Lingamfelter hasn’t finalized the language of his bill, and he noted that he’s open to broadening its scope to include more than just decorated veterans.

Lingamfelter is still “open” as to who will be covered by his proposed edict, but the congressional proposal only covered Medal of Honor recipients. What about those lowly combat veterans that only managed to get a Silver or Bronze Star (sarcasm!)? What about those that only receive a Purple Heart or Distinguished Serve Medal? What about those that didn’t serve in a combat? What about reservists and National Guard members? What about the families of all of the above? What about an average person that didn’t serve in the military at all? Will all of these people be protected by these edicts (which, interestingly, doesn’t seem to be part of the powers of Congress, at least not in my copy of the United States Constitution)?

I do find it funny as well that all these Republicans are jumping on a bandwagon to create a protected class of individuals that are exempt from the rules of a homeowners association (HOA), an organization that they entered into a contract — voluntarily — with. No one forces you to join a HOA, you make that choice when you decide to move into a particular neighborhood. You choose to give up your rights, while presumably of sound mind, when you enter into a contract with the HOA.

And notably, for Republicans, when it comes to protecting a certain class of people under hate crime legislation, then it’s totally unacceptable to create a class of individuals that are treated differently in the eyes of the law. Or so they would want you to believe.

[…]

Lingamfelter joins a group of supporters that boasts the White House, Democrats including Gov. Timothy M. Kaine and both of Virginia’s U.S. senators, as well as Rep. Eric I. Cantor, R-7th, the second-ranking Republican in the House.

We call them “statists” here.

[…] He also said he’s open to associations decreeing requirements for residents’ flag display.

“Just don’t tell them they can’t do it,” he said.

And here comes the lying (or the opening of one’s mouth and proving of one’s own ignorance).  The veteran in this case was never told that he couldn’t fly the flag. He was told that he could not erect a flag pole. So, Mr. (or Delegate, or King of Virginia) Lingamfelter, you have now shown yourself to be a liar or completely ignorant.

In terms of Barfoot’s specific situation, Lingamfelter said it’s possible that the association will allow the matter to quietly go away.

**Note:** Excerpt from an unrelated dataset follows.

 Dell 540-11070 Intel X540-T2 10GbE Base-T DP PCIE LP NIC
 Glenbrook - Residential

“But I’m not going to quietly go away,” he added.

Of course not, you’re a politician, they never go away — quietly or not.

Similarly, he said that he has never faced a situation in which someone objected to his display of the red, white and blue.

But if it had happened?

“It would have only happened one time,” Lingamfelter said.

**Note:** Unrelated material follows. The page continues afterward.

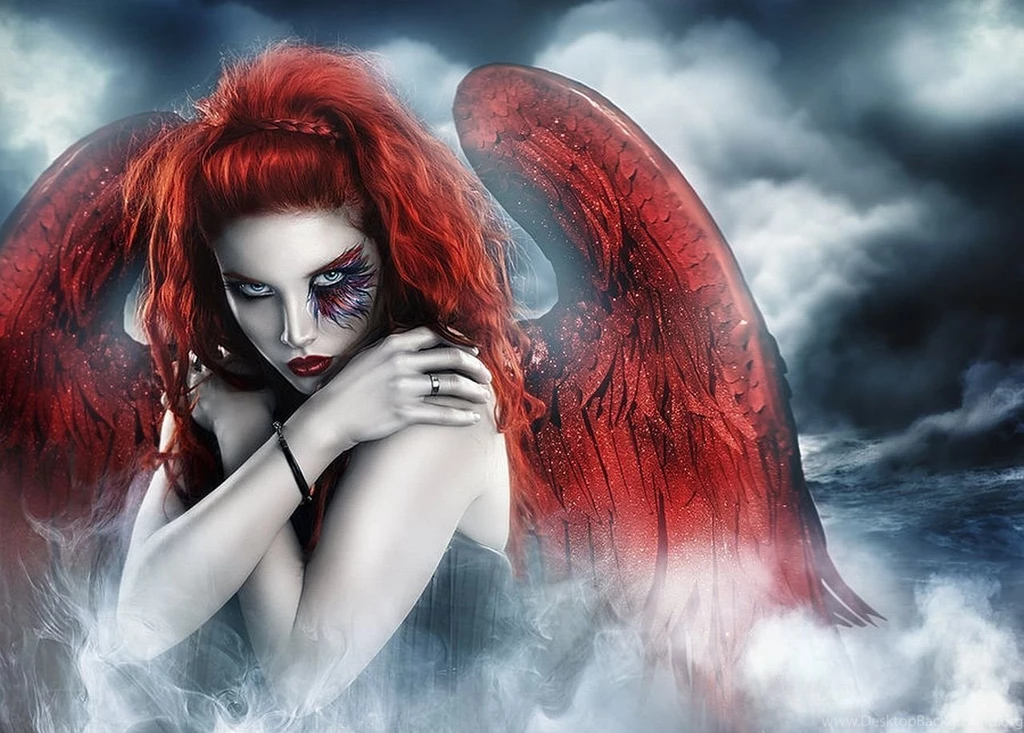 Angel Wallpaper Backgrounds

And what exactly does that mean? Is King of Virginia Lingamfelter saying he would result to violence if someone told him he was violating an HOA rule? Or is he saying he would just use his power as a legislator to exempt him from any rule that he feels like violating?

Questions, questions.

Great Ann Coulter column.

From December 9th but somehow I missed it:

In Tuesday’s primary election, Massachusetts Democrats chose as their Senate nominee a woman who kept a clearly innocent man in prison in order to advance her political career.

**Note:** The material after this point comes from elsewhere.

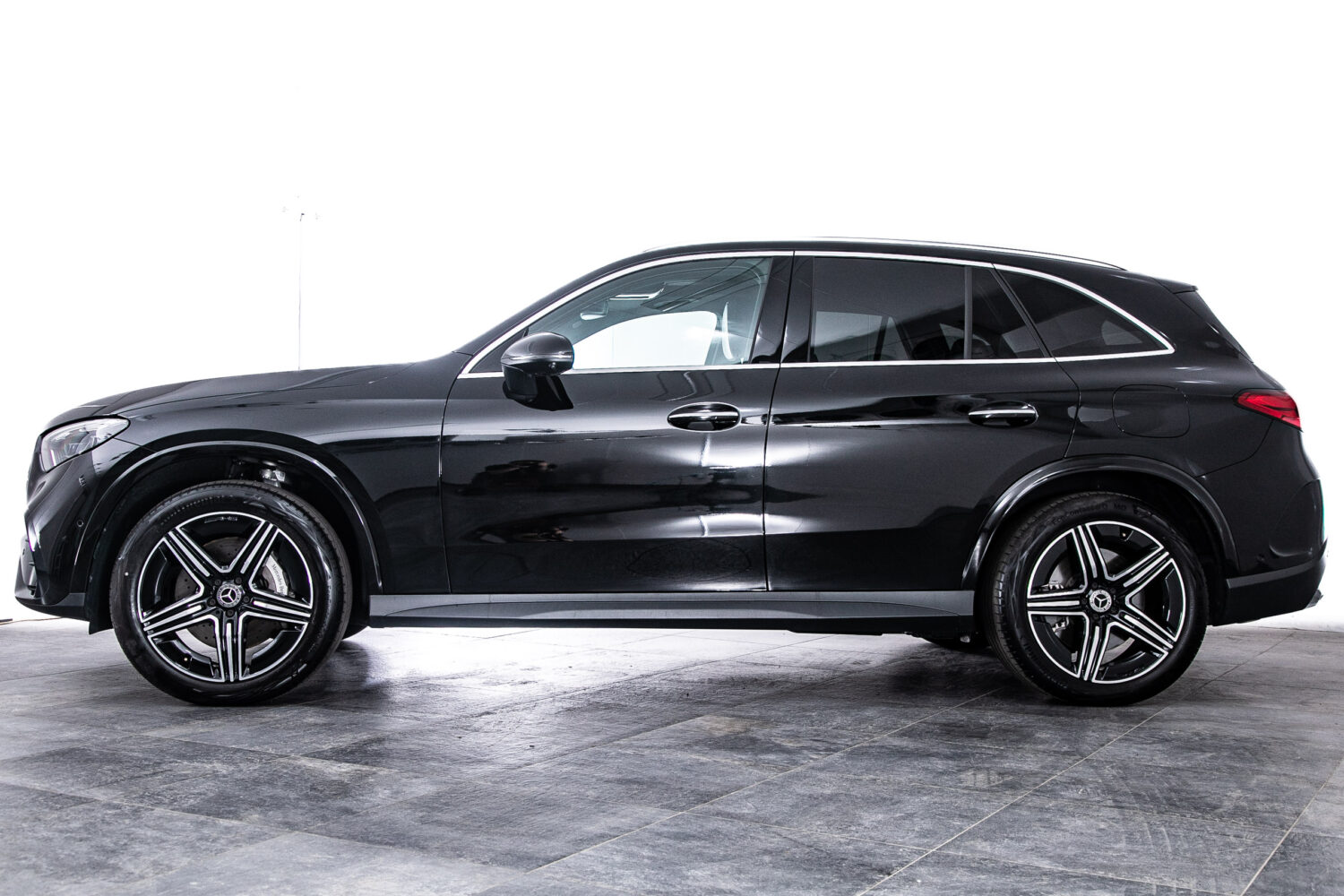 GLC 350e スポーツエディションスター 4WD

Martha Coakley isn’t even fit for the late Teddy Kennedy’s old seat. (What is it about this particular Senate seat?)

During the daycare/child molestation hysteria of the ’80s, Gerald Amirault, his mother, Violet, and sister, Cheryl, were accused of raping children at the family’s preschool in Malden, Mass., in what came to be known as the second-most notorious witch trial in Massachusetts history.

Read the whole thing.

http://www.anncoulter.com/

My agnosticism towards the tea party movement validated once again.

Does anyone consider this rhetoric attractive? (The Free Lance–Star):

Members of the Tea Party faction of the Republican Party and questions about health care greeted Rep. Robert J. Wittman (R-Montross) at a gathering Tuesday night in his hometown.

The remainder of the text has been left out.